== WHAT TO DO ==
Retype, word for word, every line of the records below starting at the one that contains "Mezalocha 4000&nbsp;m²" and ending at the one that contains "Titanium GR2 Hex"; include both of those lines and nothing more.

== EXTRACTED ENTRIES ==

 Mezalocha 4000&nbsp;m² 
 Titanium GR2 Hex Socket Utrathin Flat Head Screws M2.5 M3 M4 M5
--
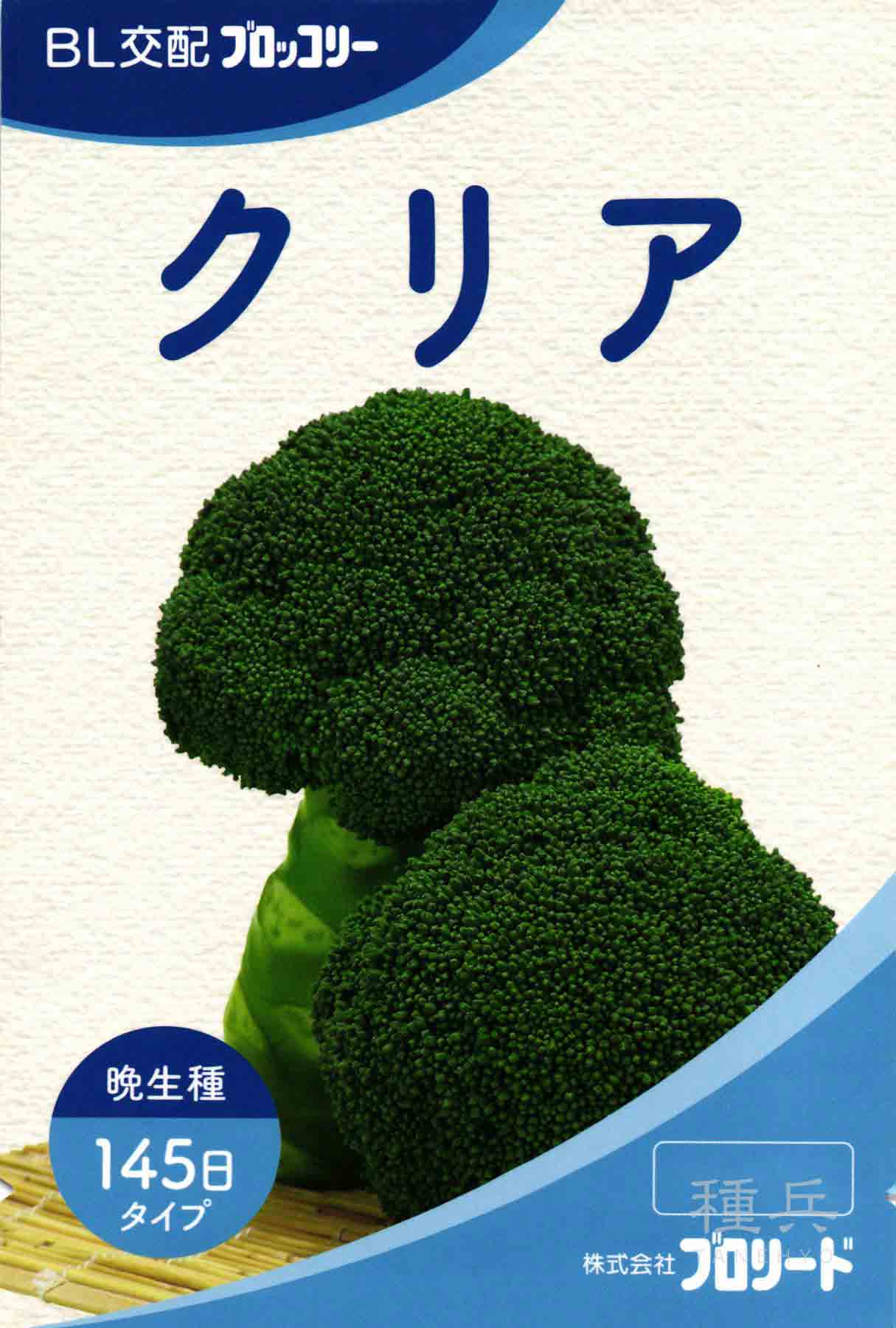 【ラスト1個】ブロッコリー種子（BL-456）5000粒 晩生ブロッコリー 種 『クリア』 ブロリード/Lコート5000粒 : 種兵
--
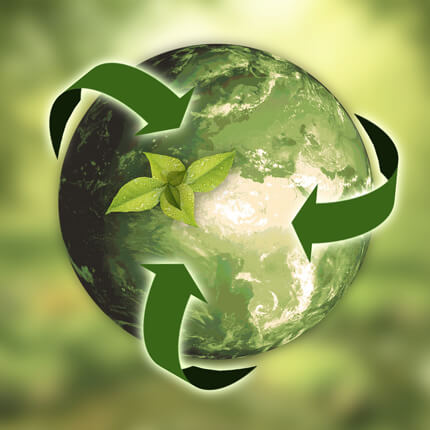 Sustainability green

== ANSWER SPACE ==
 Mezalocha 4000&nbsp;m² 
 Titanium GR2 Hex Socket Utrathin Flat Head Screws M2.5 M3 M4 M5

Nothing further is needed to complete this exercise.